COLLECTED DATA >>
——————————
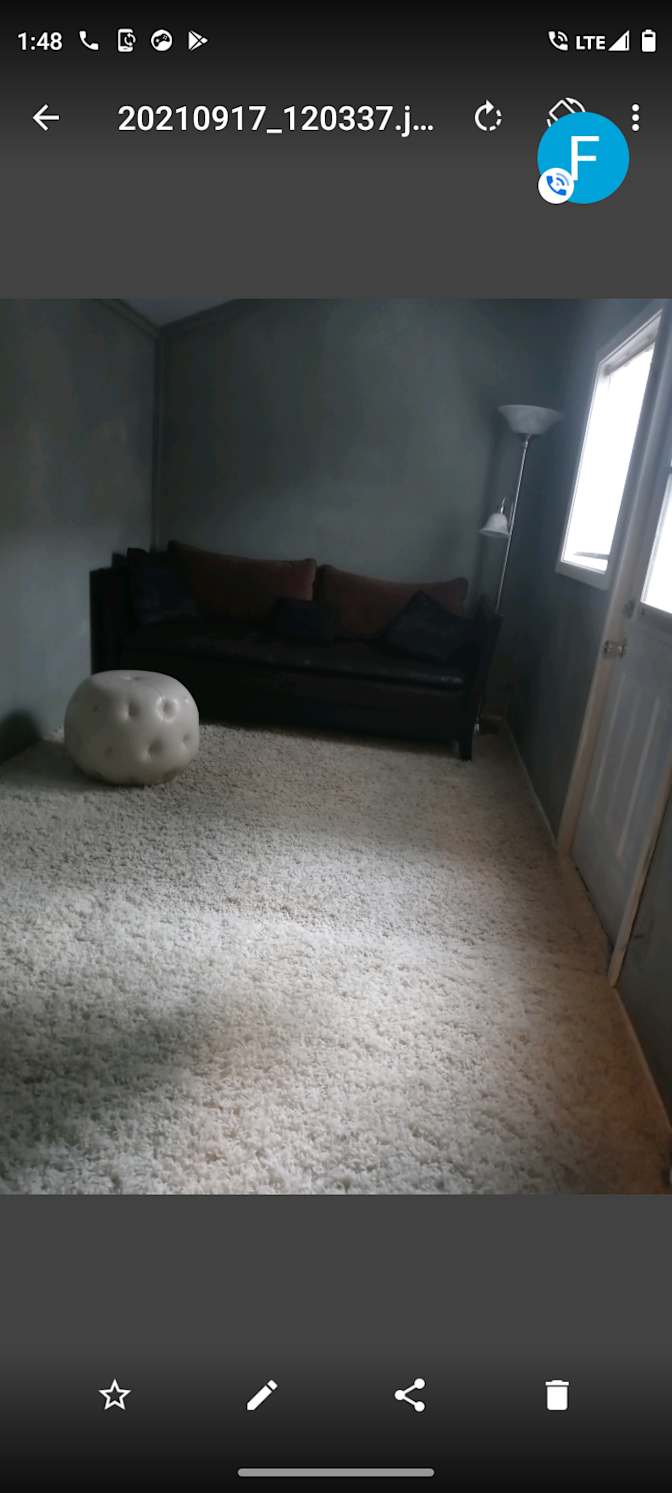 Gerald's room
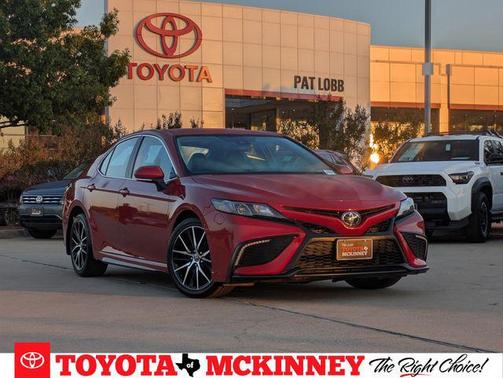 2023 Toyota Camry SE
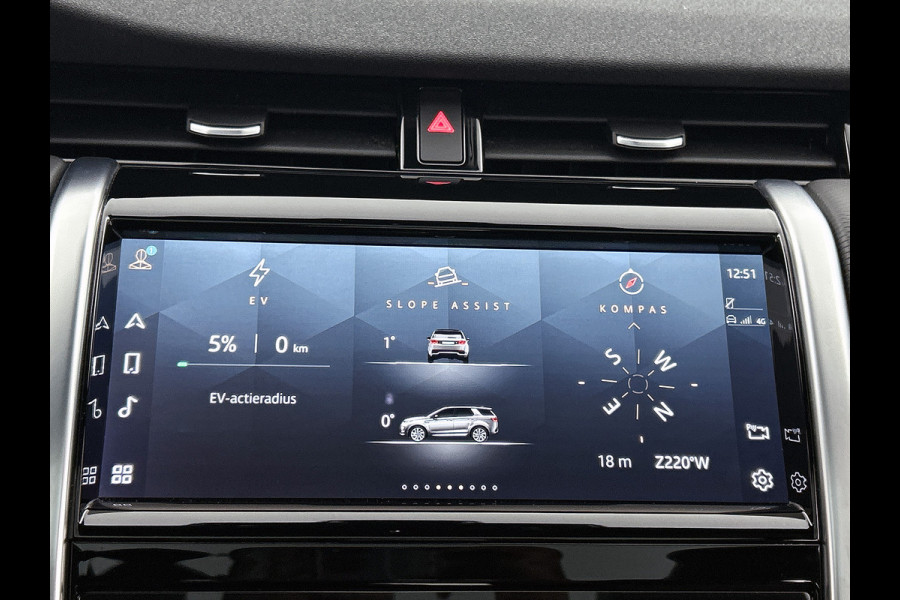 Land Rover Discovery Sport P300e Hybride R-Dynamic SE / Panoramadak /  Leder / Interactive Driver Display / Navi / Cruise-ctr. / Apk nieuw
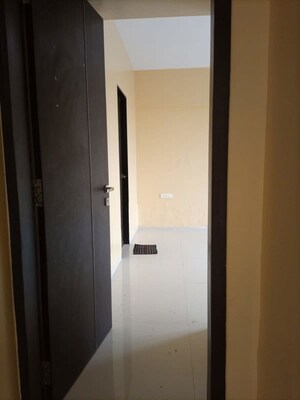 Building Lobby in 2 BHK Apartment at Akshar Elementa, Wakad – for Sale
——————————
THE TASK >>
The line containing "Land Rover Discovery" and every line after it, up to the last line of the data, should be returned exactly, without the pictures.

RESPONSE BELOW >>
 Land Rover Discovery Sport P300e Hybride R-Dynamic SE / Panoramadak /  Leder / Interactive Driver Display / Navi / Cruise-ctr. / Apk nieuw
 Building Lobby in 2 BHK Apartment at Akshar Elementa, Wakad – for Sale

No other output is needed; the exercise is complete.